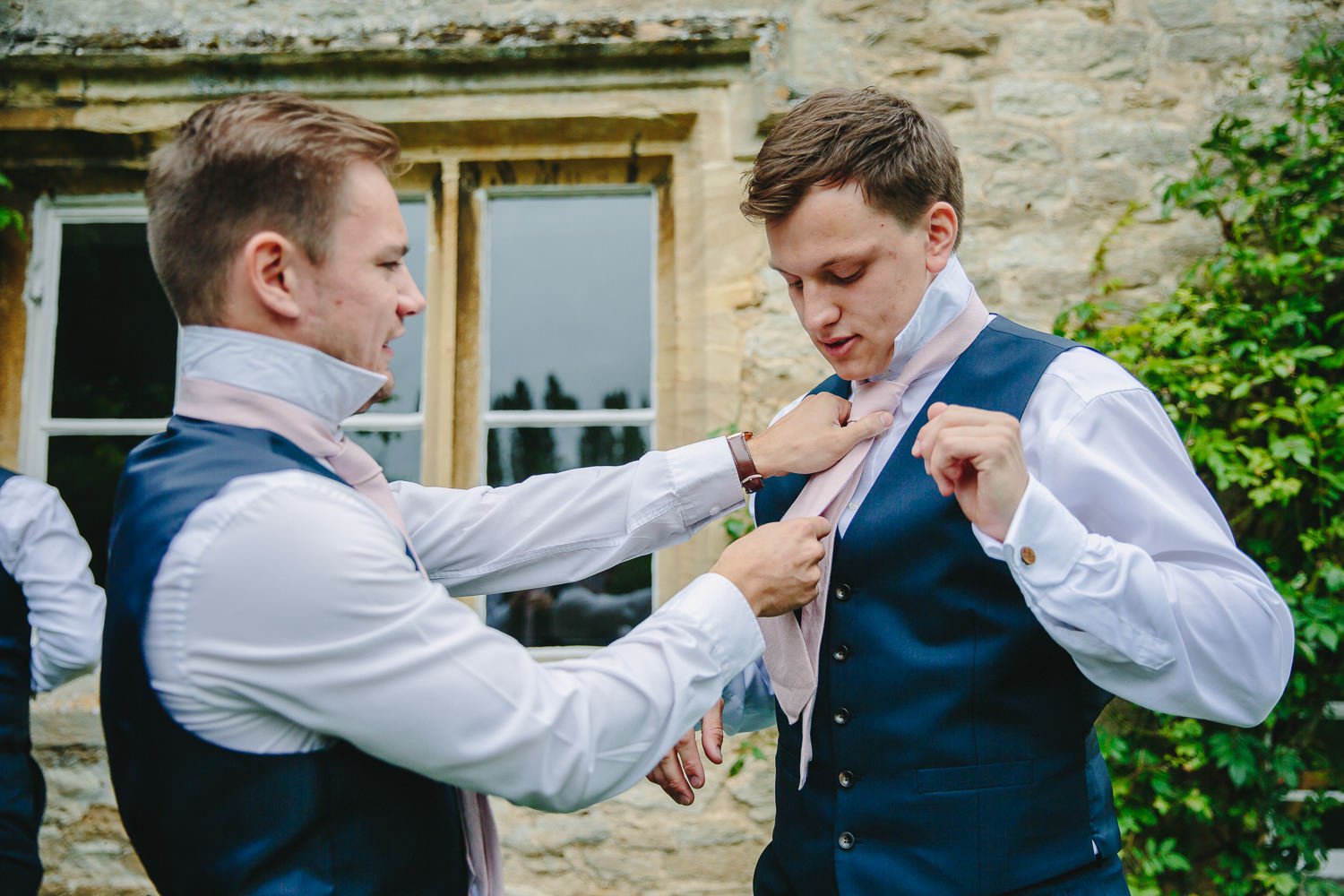 Picture of two men getting ready for a wedding.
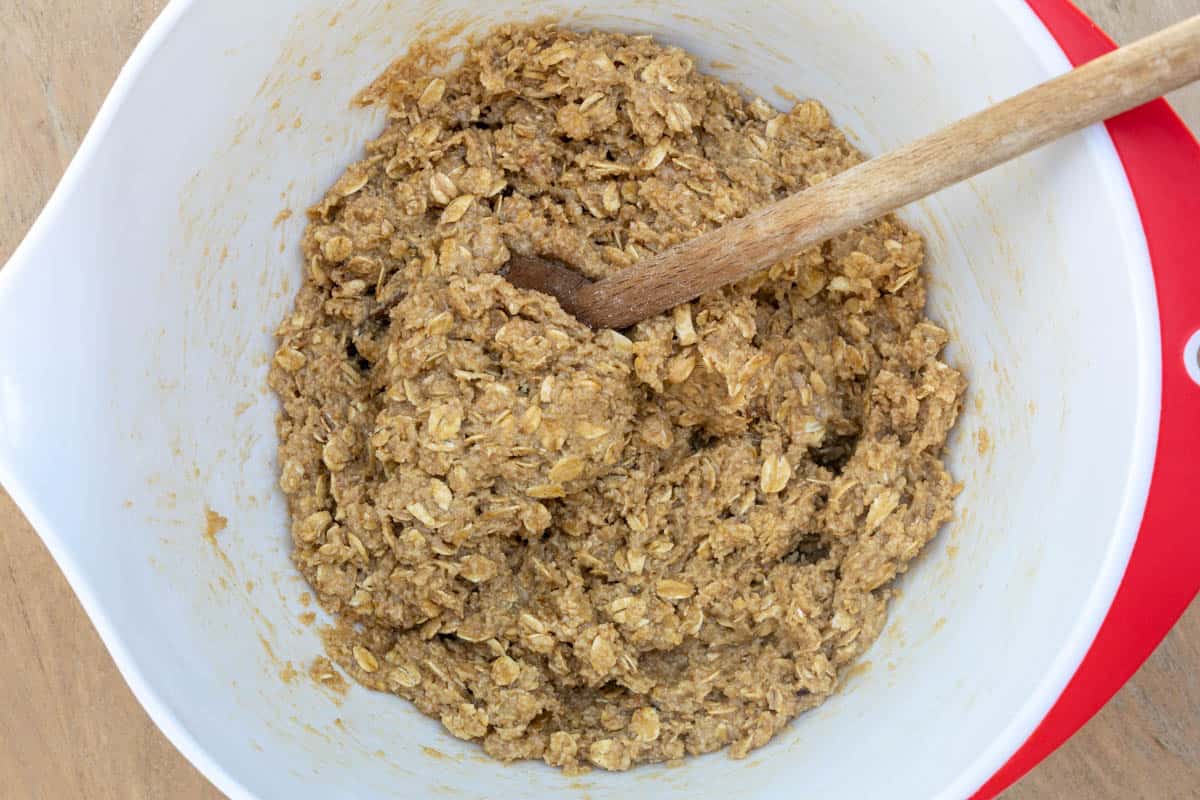batter for almond flour oatmeal cookies minus chocolate chips in mixing bowl with wooden spoon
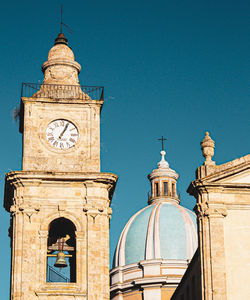 Low angle view of clock tower against sky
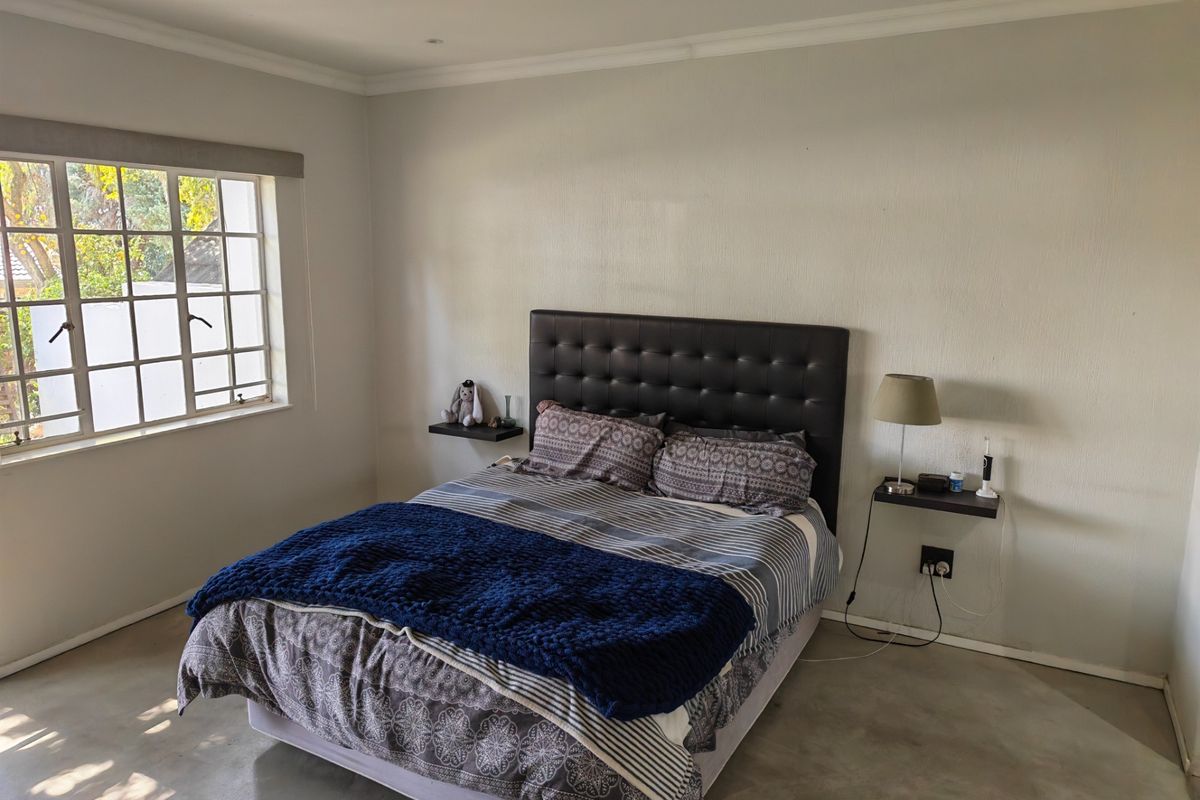 A well-lit bedroom featuring polished concrete floors, recessed ceiling lighting, and convenient floating bedside shelves.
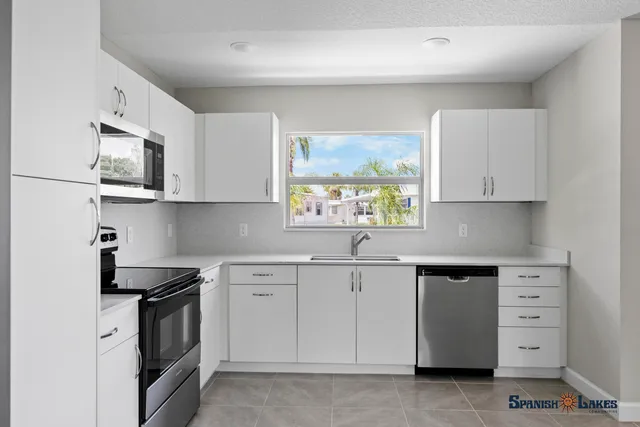 a kitchen with cabinets appliances a sink and a window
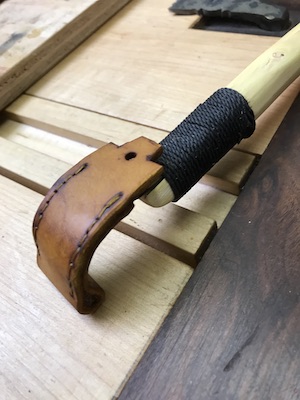 Dyed leather sheath and hook knife.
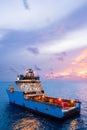 Newest Maersk Company Anchor Handling Offshore Supply Vessel maneuvering on the oil field at sunrise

::::::

= Your assignment =
Repeat the listing above exactly from its first line to the line containing "A well-lit bedroom", both included, and omit the pictures.

= Exercise output =
 Picture of two men getting ready for a wedding.
batter for almond flour oatmeal cookies minus chocolate chips in mixing bowl with wooden spoon
 Low angle view of clock tower against sky
 A well-lit bedroom featuring polished concrete floors, recessed ceiling lighting, and convenient floating bedside shelves.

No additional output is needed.